As tan 𝛼 is equal to three-quarters, we can sketch a right triangle in the first quadrant as shown, recalling that the tangent of any angle in a right triangle is equal to the opposite over the adjacent. The triangle is a Pythagorean triple consisting of three positive integers — three, four, and five — such that three squared plus four squared is equal to five squared. We know that the sin of angle 𝜃 is equal to the opposite over the hypotenuse and the cos of angle 𝜃 is equal to the adjacent over the hypotenuse. In the first quadrant, the sine, cosine, and tangent of any angle are all positive. From the diagram, we can therefore see that sin 𝛼 is equal to three-fifths and cos 𝛼 is four-fifths.
We will now repeat this process using the fact that tan 𝛽 is equal to fifteen eighths. This time, we sketch a right triangle in the third quadrant, where we know the tangent of any angle is positive and the sine and cosine of any angle are negative. We have another Pythagorean triple consisting of the three positive integers eight, 15, and 17 such that eight squared plus 15 squared is equal to 17 squared. Since angle 𝛽 must be measured from the positive 𝑥-axis, we will call the angle between the negative 𝑥-axis and the hypotenuse of our triangle 𝛾. Using the sine and cosine trigonometric ratios, we have sin 𝛾 is equal to fifteen seventeenths and cos 𝛾 is equal to eight seventeenths. We can see from our diagram that 𝛽 is equal to 180 degrees plus 𝛾.
Recalling our related angle properties, we know that the sin of 180 degrees plus 𝜃 is equal to negative sin 𝜃. This means that the sin of 180 degrees plus 𝛾 is equal to negative sin 𝛾. sin 𝛽 is therefore equal to negative sin 𝛾, which is equal to negative fifteen seventeenths. In the same way for the cosine function, the cos of 180 degrees plus 𝛾 is equal to negative cos 𝛾. cos 𝛽 is therefore equal to negative cos 𝛾, which is equal to negative eight seventeenths. At this point, it is worth recalling that our values of sin 𝛽 and cos 𝛽 must both be negative as angle 𝛽 lies in the third quadrant.

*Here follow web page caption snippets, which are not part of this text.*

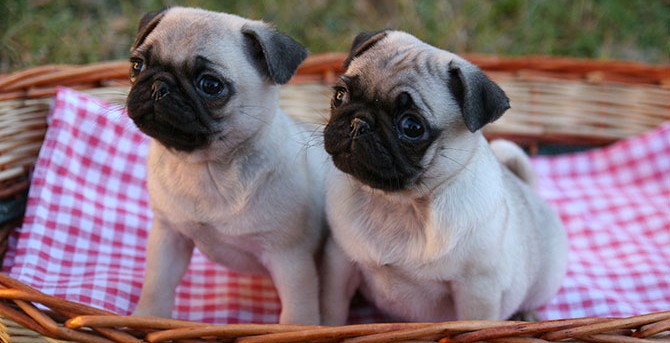 cuccioli di cane carlino beige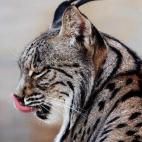 5c8b116d240000f404a40393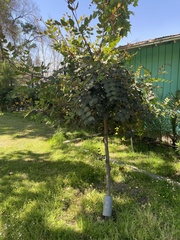 Ficus carica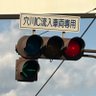 絶賛尊死中 的头像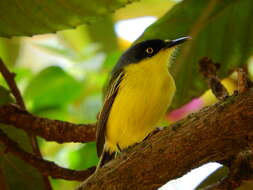 Todirostrum cinereum (Linnaeus 1766) resmi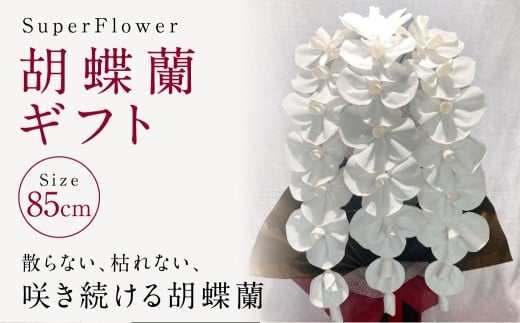 SuperFlower「胡蝶蘭ギフト」 伝統工芸花 工芸花 スーパーフラワー 国産 日本製 熊本県産 胡蝶蘭 コチョウラン こちょうらん  熊本県 熊本市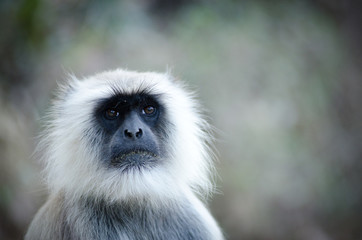 portrait of grey langur, wildlife , Rajsthan, India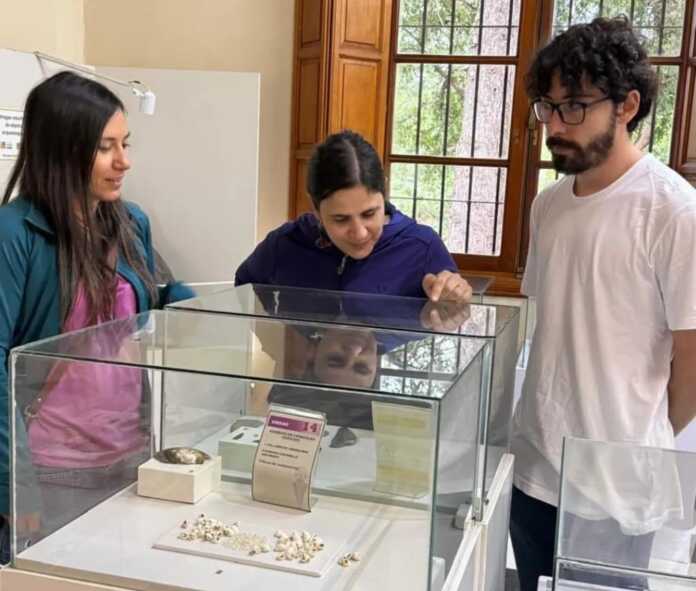 WhatsApp Image 2026-03-06 at 17.57.21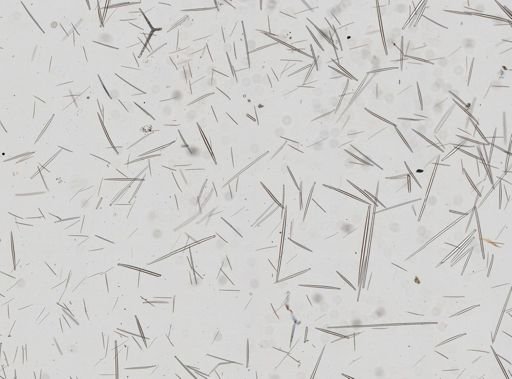 Polymastia cf. pachymastia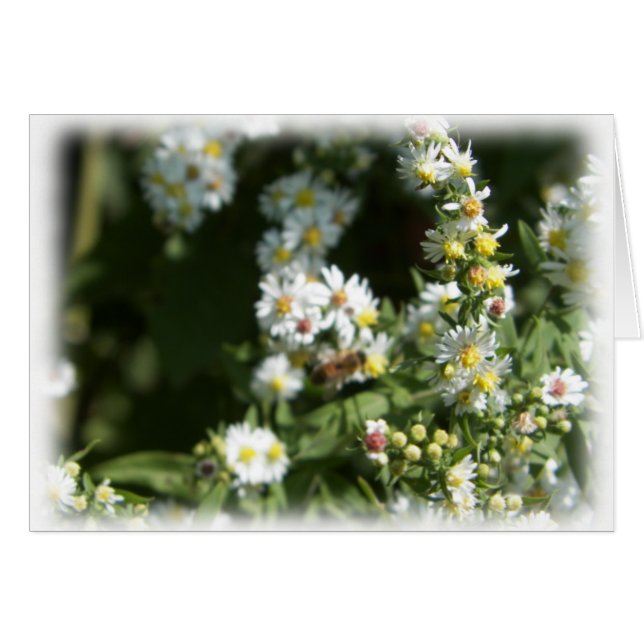 Fleur de fleur sauvage Daisy Blank (Devant Horizontal)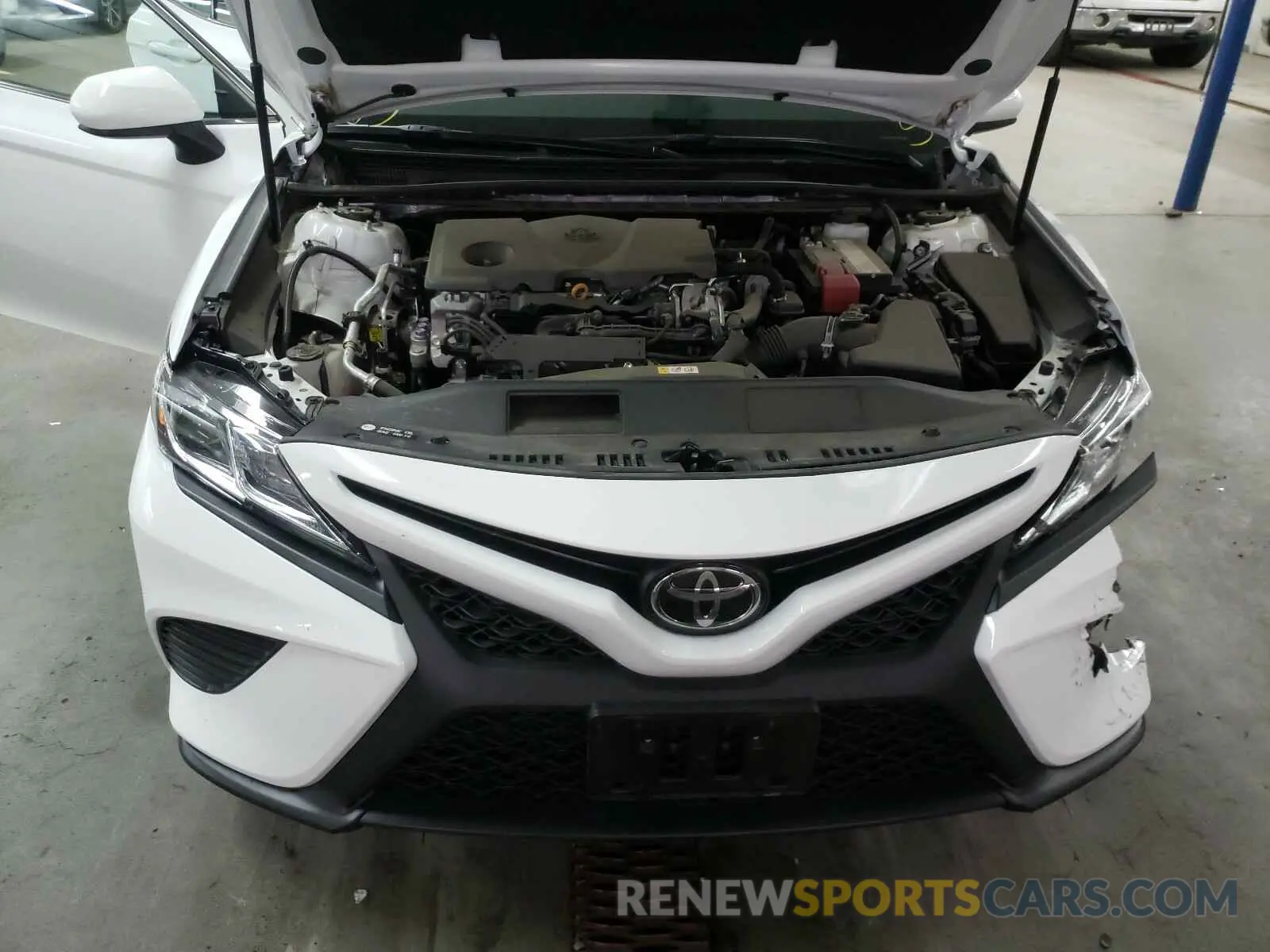 7 Photograph of a damaged car 4T1B11HK0KU296906 TOYOTA CAMRY 2019
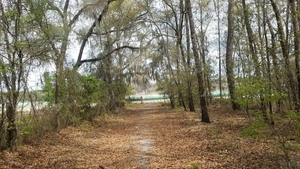 [Long pipe, Sabal Trail Pipeline, Suwannee River, Suwannee County, FL, 2017-03-25, 30.4063420, -83.1535262]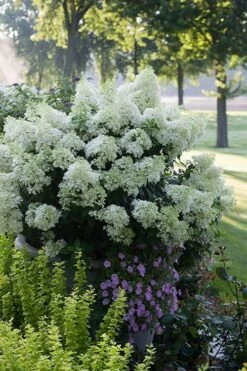 Bobo Hydrangea - 3 Gallon Pot -Garden Plants hydrangea paniculata bobo 5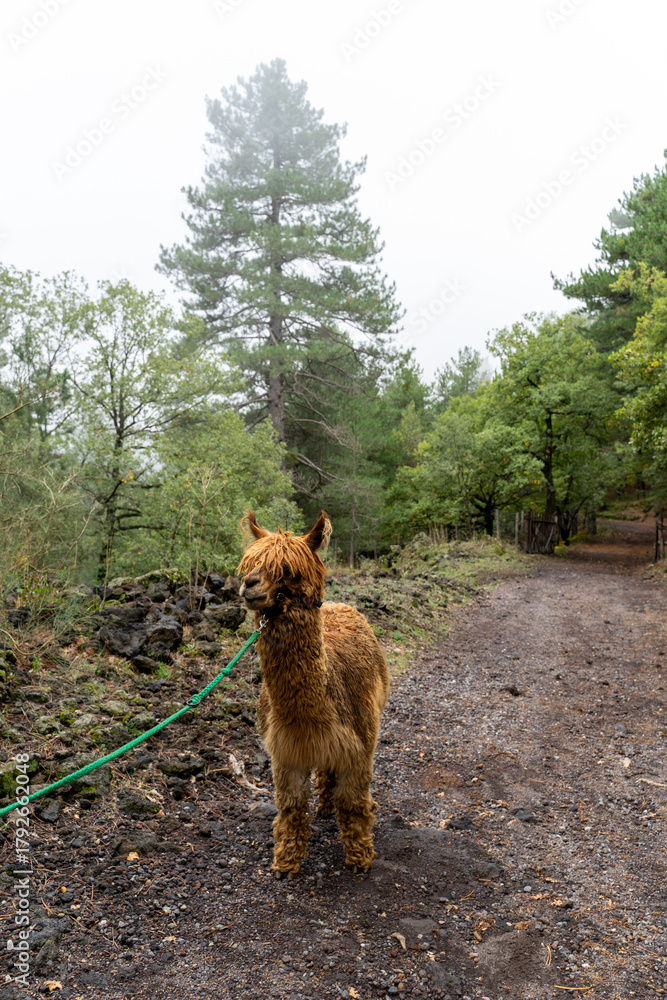 Obraz premium Alpaca trekking on Mount Etna in Sicily - Italy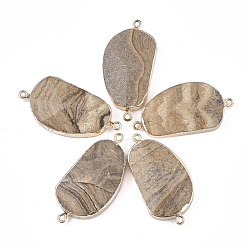 Пейзажный Джаспер Гальванические соединители с натуральным изображением яшмы, С золотыми результатами железа, самородки, 42~46x23.5x7~9 мм, отверстие : 1.8 мм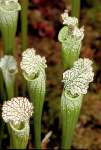 Botanical Garden in Liberec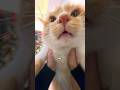 Testing the New GO Ultra Micro Lens with My 🐱 | Insta360 GO Ultra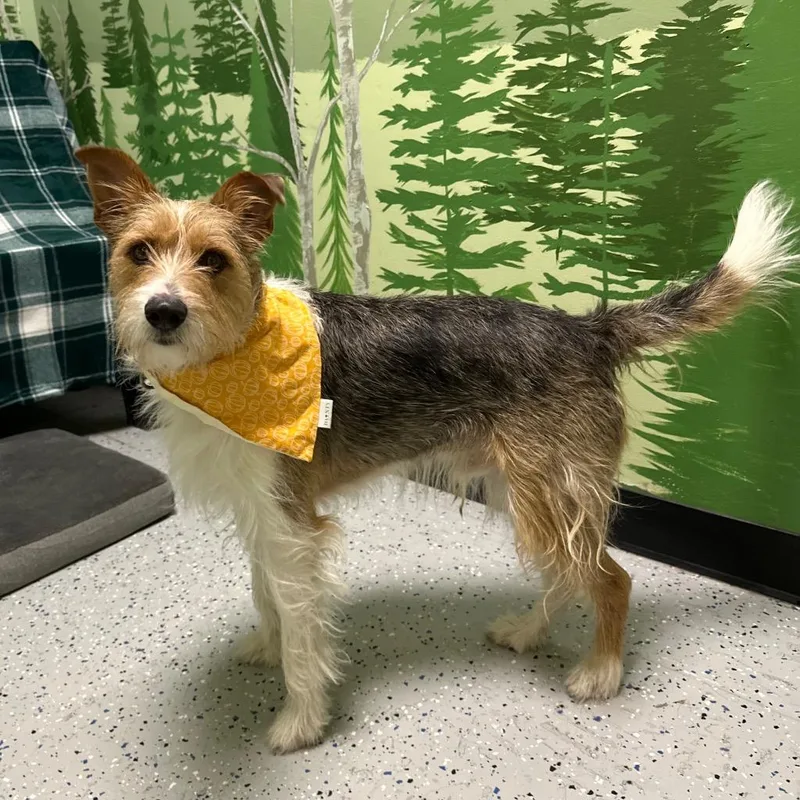 A young medium-sized male Terrier dog named Charlie Brown for adoption in Logan, UT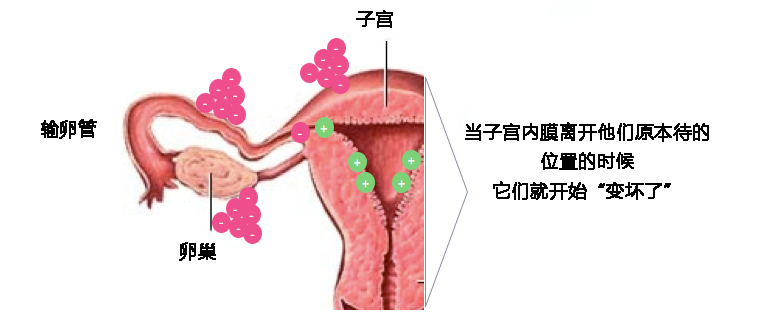 备孕失败不是你的错，有可能是它在作怪！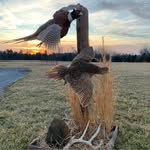 Jon Bryn Hankins - @takem74 - Instagram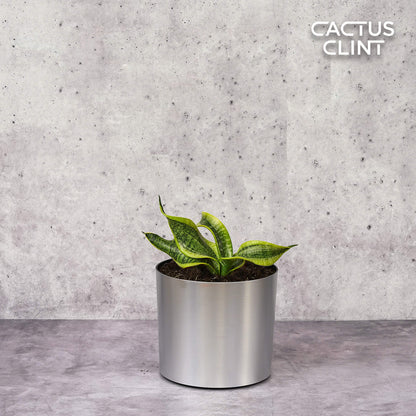 Snake Plant Twist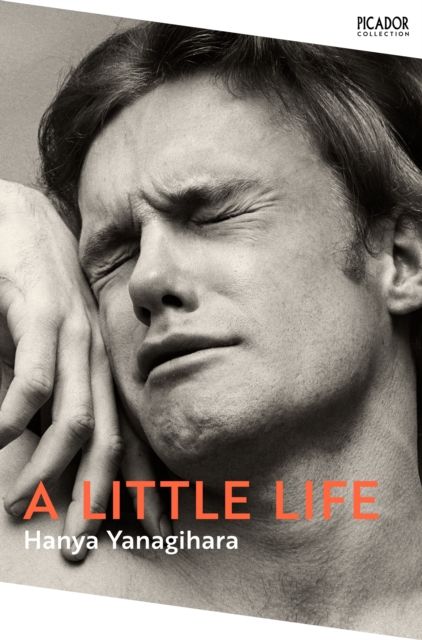 A Little Life-1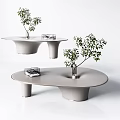 Modern Oval Coffee Table With Smooth Surface Cylindrical Legs And Small Plant Decor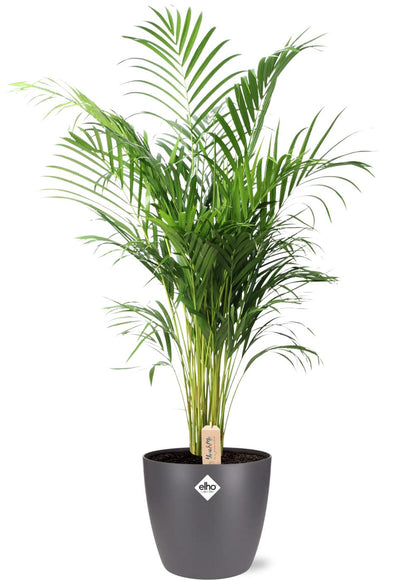 XL Kamerplant - Dypsis Lutescens (Areca) - Pot Ø 24cm Hoogte ↕ 110cm
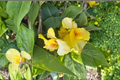 Richard Wallace Canna Lily Bare Roots – 3 Pack Yellow Canna Lilies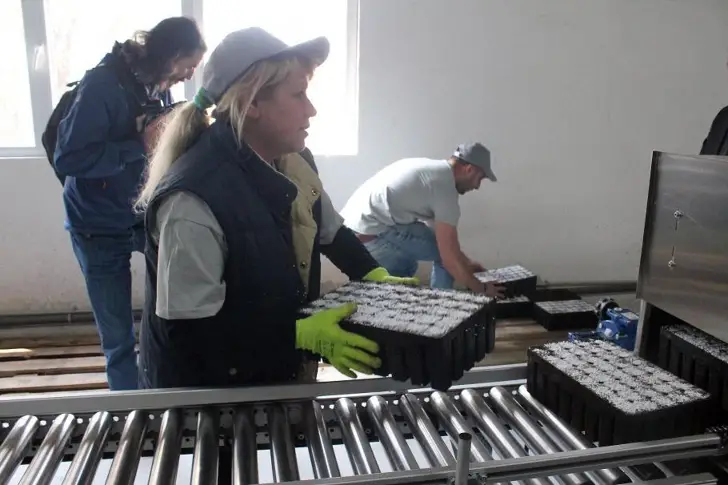 За първата автоматизирана поточна линия за производство на контейнерни фиданки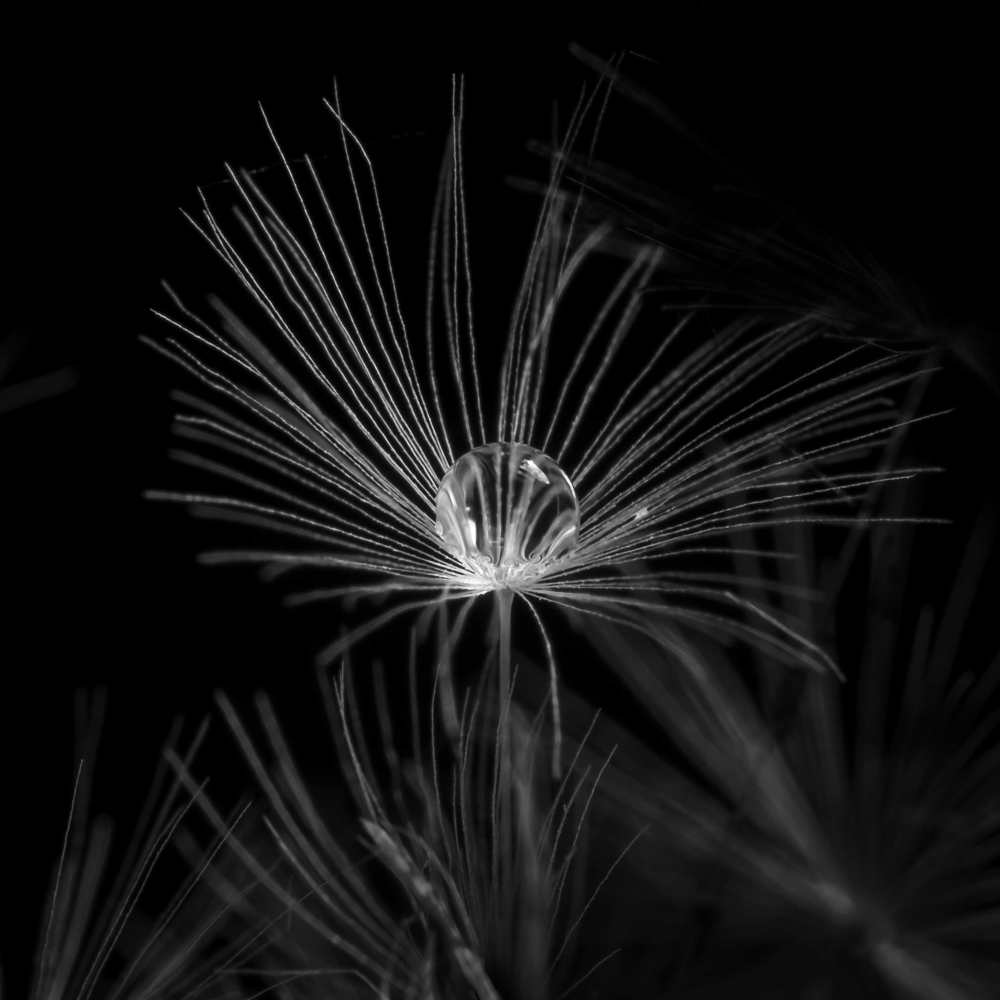 Photograph by Jiří Hakauf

We are now in a position to substitute our values of sin 𝛼, cos 𝛼, sin 𝛽, and cos 𝛽 into our expression. This is equal to three-fifths multiplied by negative eight seventeenths minus four-fifths multiplied by negative fifteen seventeenths. Simplifying this, we have negative 24 over 85 minus negative 60 over 85. Since the denominators are the same, we can simply add 60 to negative 24, giving us 36 over 85. The value of sin 𝛼 cos 𝛽 minus cos 𝛼 sin 𝛽 is 36 over 85.